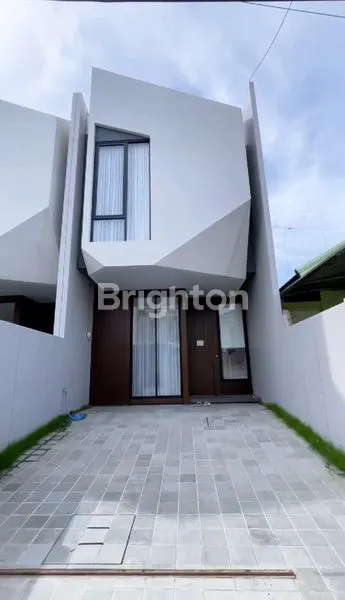 image *JUAL RUMAH BARU GRESS SIAP HUNI*  *_FULL FURNISHED MEWAH_* *SUTOREJO UTARA*  (1)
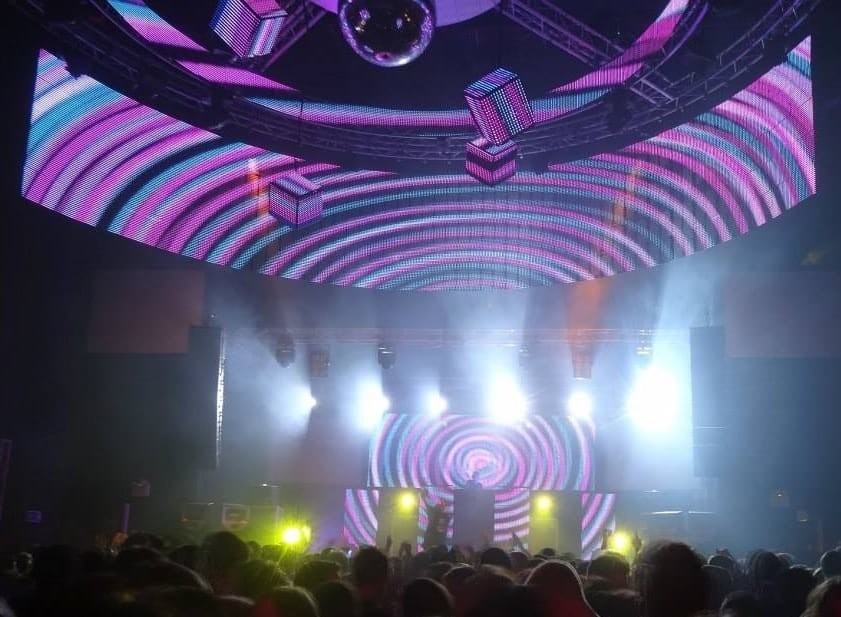 160x320mm สเตจ LED วิดีโอวอลล์ สําหรับงานต่างๆ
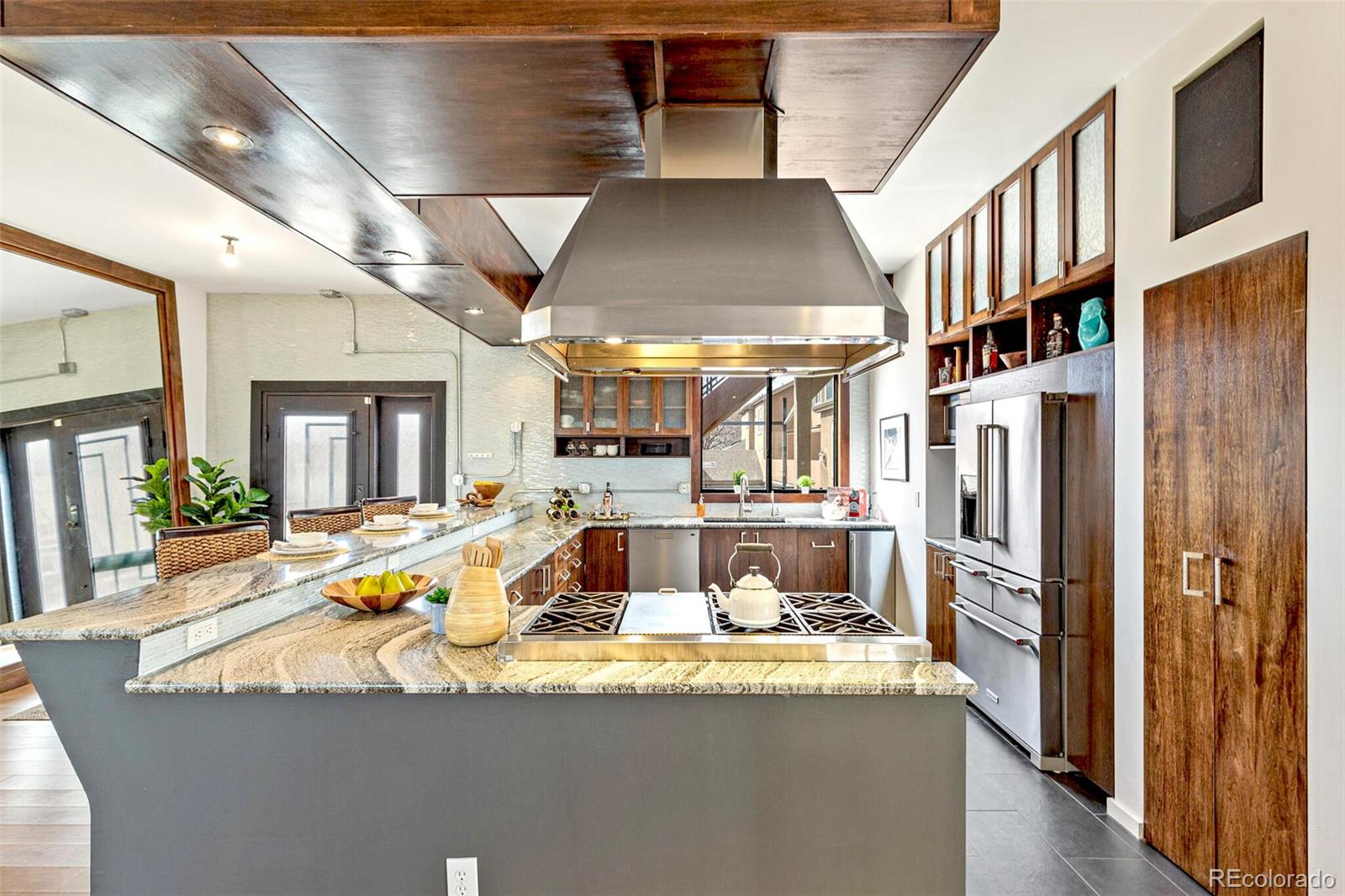 MLS Image #9 for 4730 w moncrieff place,denver, Colorado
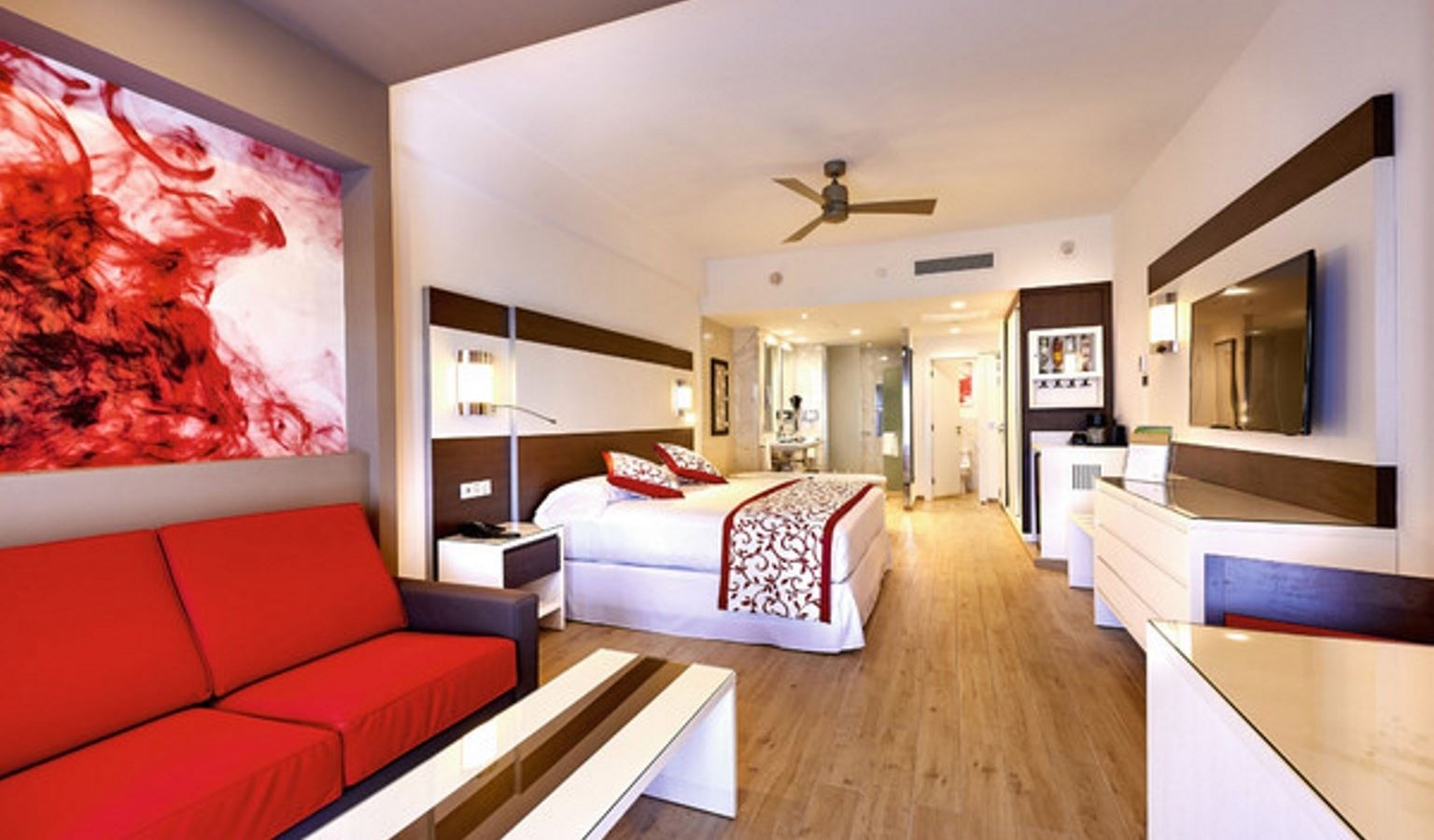 rooms-junior-suite-frontal-sea-view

■ ■ ■ ■ ■

- [Your task]:
Without including a single picture, restate all of the data word for word.

- [Task result]:
 image *JUAL RUMAH BARU GRESS SIAP HUNI*  *_FULL FURNISHED MEWAH_* *SUTOREJO UTARA*  (1)
 160x320mm สเตจ LED วิดีโอวอลล์ สําหรับงานต่างๆ
 MLS Image #9 for 4730 w moncrieff place,denver, Colorado
 rooms-junior-suite-frontal-sea-view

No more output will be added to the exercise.